● TASK GOAL:
When you copy the data, keep every line exactly as written and skip the pictures.

Image-text web data:
━━━━━━━━

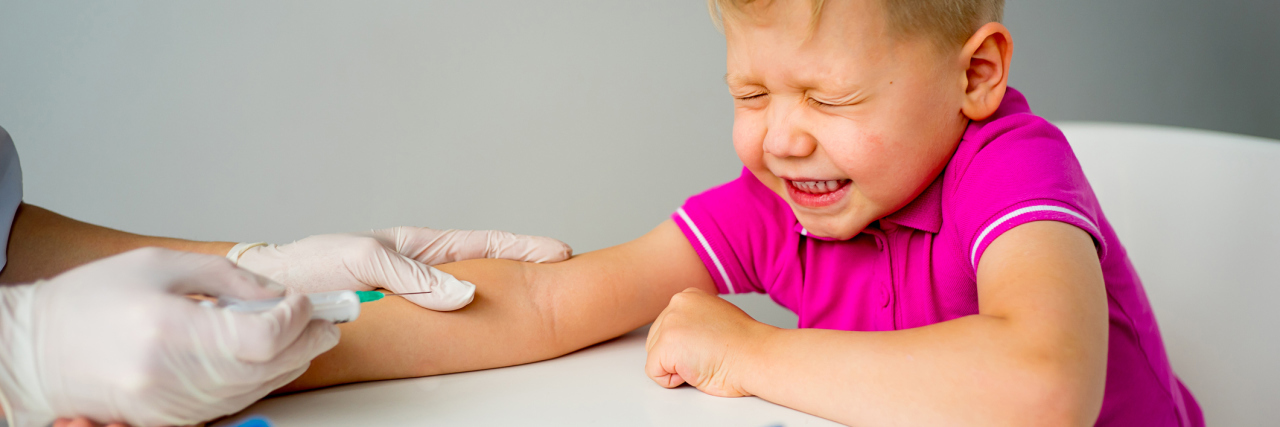 How I Help My Child Cope With Needle Anxiety Little boy flinching as he is about to have blood drawn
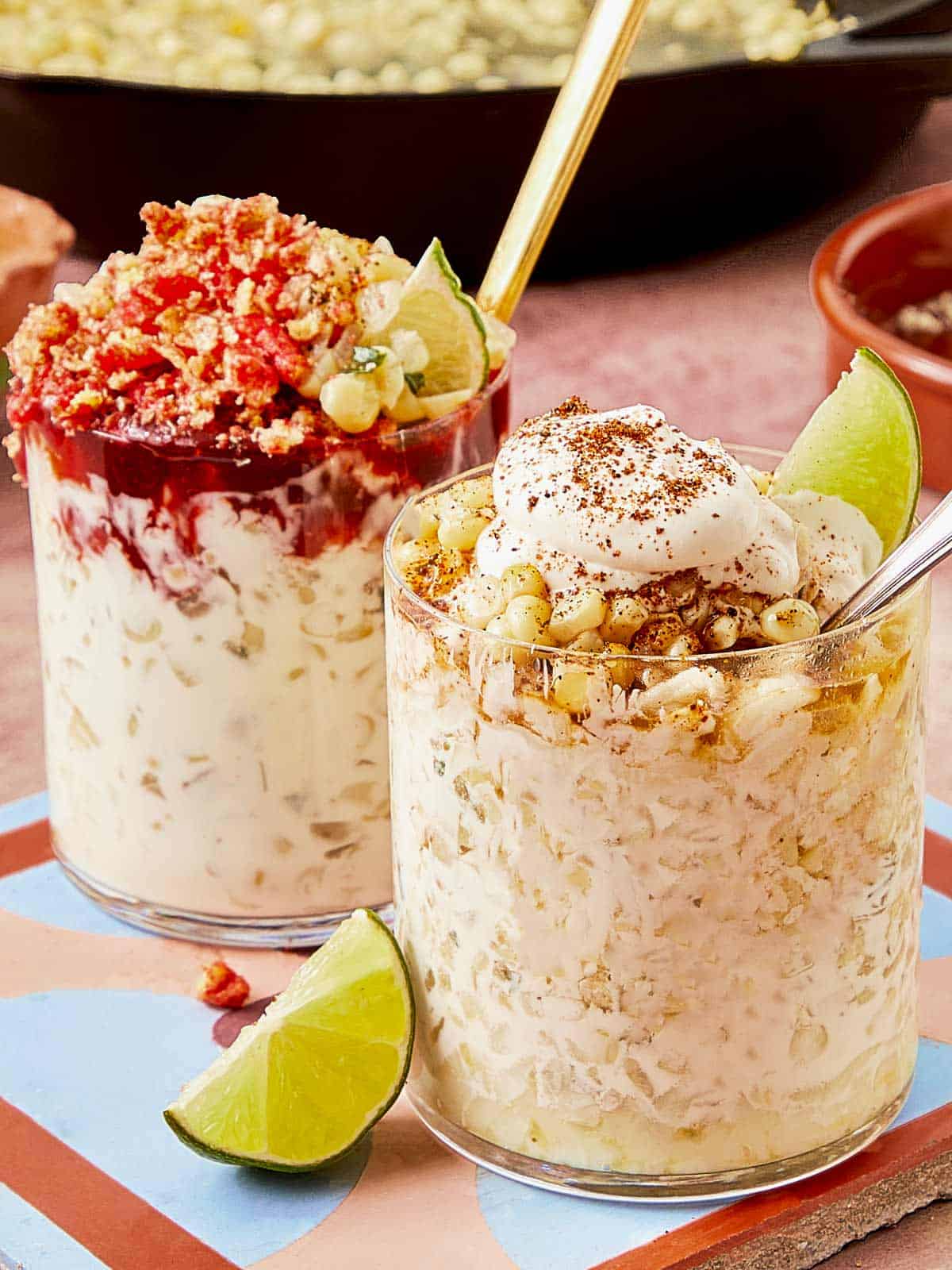 Esquite cups with corn, cream, cheese, lime, and chili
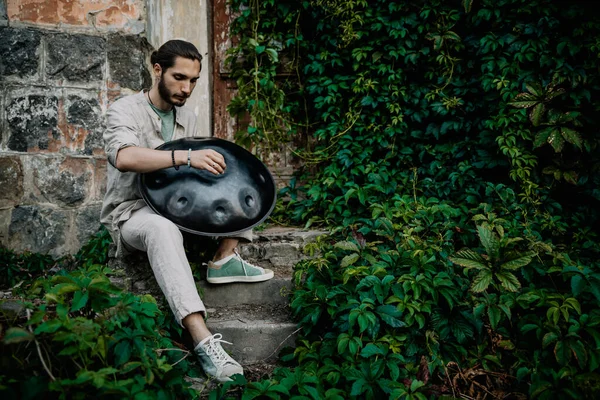 handpan in the hands of a musician. Music background for alternative contemporary music for meditation and relaxation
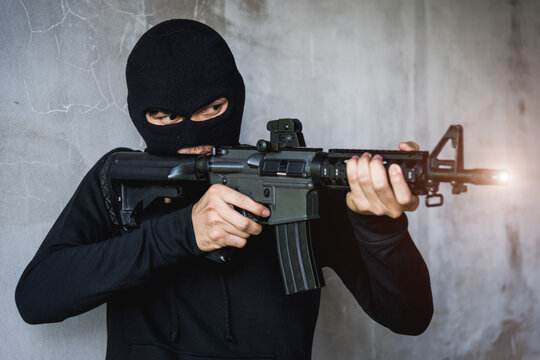 Commando with Helmet holding M16 gun points already shoot
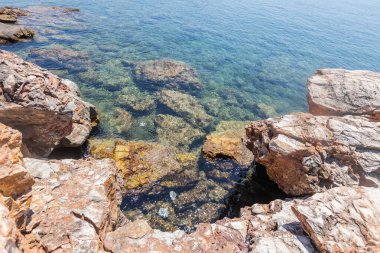 Yunanistan 'ın Thassos kentindeki kayalık bir kıyı şeridinde akan kristal berrak Akdeniz suları doğal güzellikleri sergiliyor.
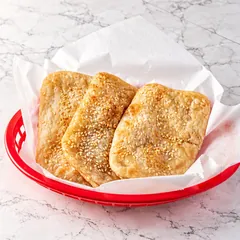 Three sesame pocket breads in a red basket
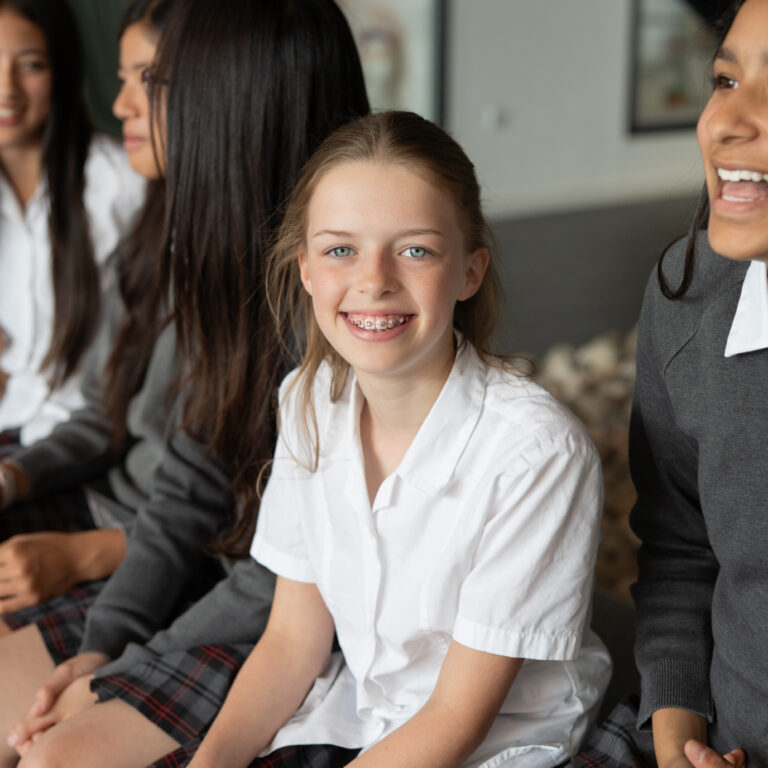 Group of girls in school uniforms sitting together, smiling at the camera (center girl has braces)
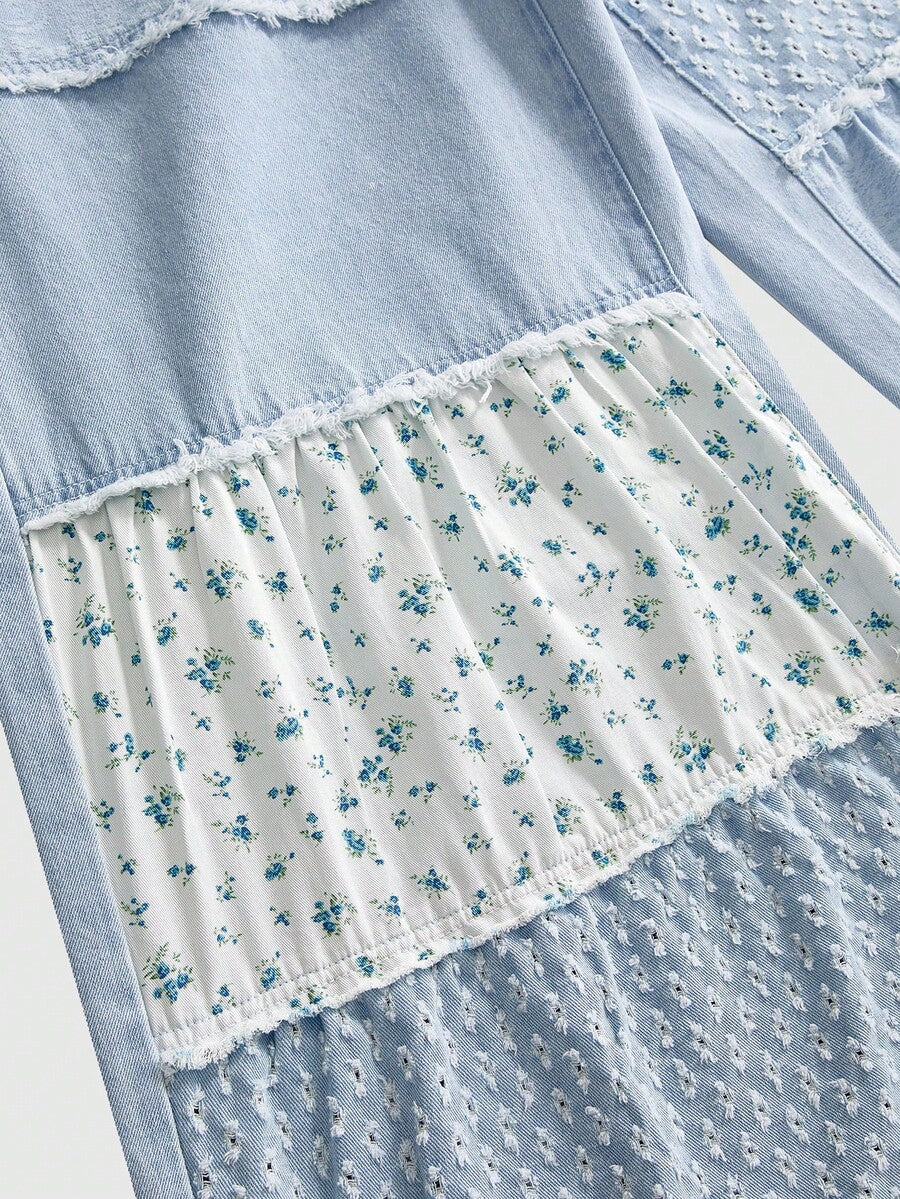 Women's plus size baby blue patchwork denim jeans featuring a loose straight leg cut, zipper fly, and pocket detailing.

━━━━━━━━

● RESULT OF THIS TASK:
 How I Help My Child Cope With Needle Anxiety Little boy flinching as he is about to have blood drawn
 Esquite cups with corn, cream, cheese, lime, and chili
 handpan in the hands of a musician. Music background for alternative contemporary music for meditation and relaxation
 Commando with Helmet holding M16 gun points already shoot
 Yunanistan 'ın Thassos kentindeki kayalık bir kıyı şeridinde akan kristal berrak Akdeniz suları doğal güzellikleri sergiliyor.
 Three sesame pocket breads in a red basket
 Group of girls in school uniforms sitting together, smiling at the camera (center girl has braces)
 Women's plus size baby blue patchwork denim jeans featuring a loose straight leg cut, zipper fly, and pocket detailing.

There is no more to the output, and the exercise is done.